» **Try it**
Exact copy, pictures excluded: write out every line below.

==== Data extract

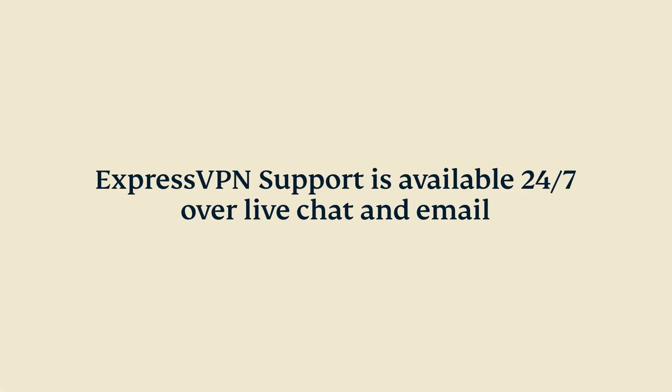If you have questions, please contact ExpressVPN support who are available 24-7 via live chat and email.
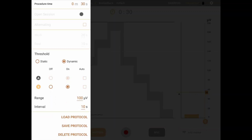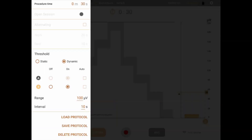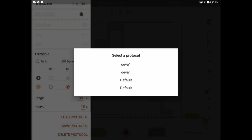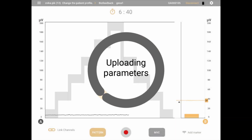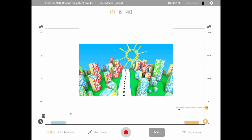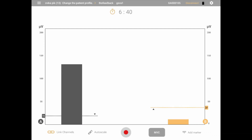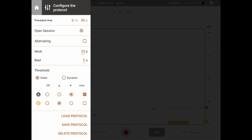Finally, you can save all the adjusted settings as a protocol to be available at any time, or load a previously created protocol from the bottom of the menu. Keep in mind, even if you do not save the protocol, as long as a patient is selected, the same settings will be remembered for that patient and loaded again the next time you start a session with them.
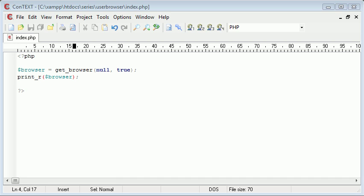Hi, this is Alex from phpacademy.org and we're back with the second part of this tutorial for New Boston on detecting the user's browser.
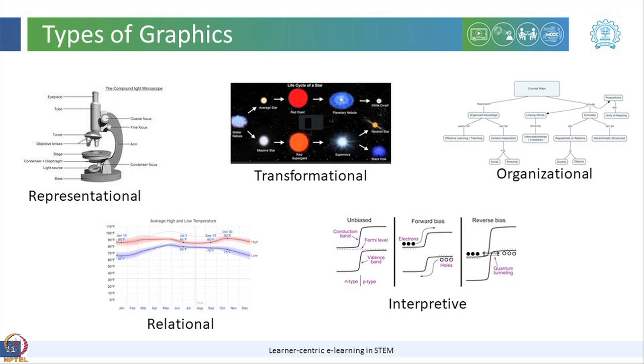Organizational graphics convey qualitative information between different entities. Such graphics can be used to represent facts and concepts.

========

» **Exercise response**
If you have questions, please contact ExpressVPN support who are available 24-7 via live chat and email.
Finally, you can save all the adjusted settings as a protocol to be available at any time, or load a previously created protocol from the bottom of the menu. Keep in mind, even if you do not save the protocol, as long as a patient is selected, the same settings will be remembered for that patient and loaded again the next time you start a session with them.
Hi, this is Alex from phpacademy.org and we're back with the second part of this tutorial for New Boston on detecting the user's browser.
Organizational graphics convey qualitative information between different entities. Such graphics can be used to represent facts and concepts.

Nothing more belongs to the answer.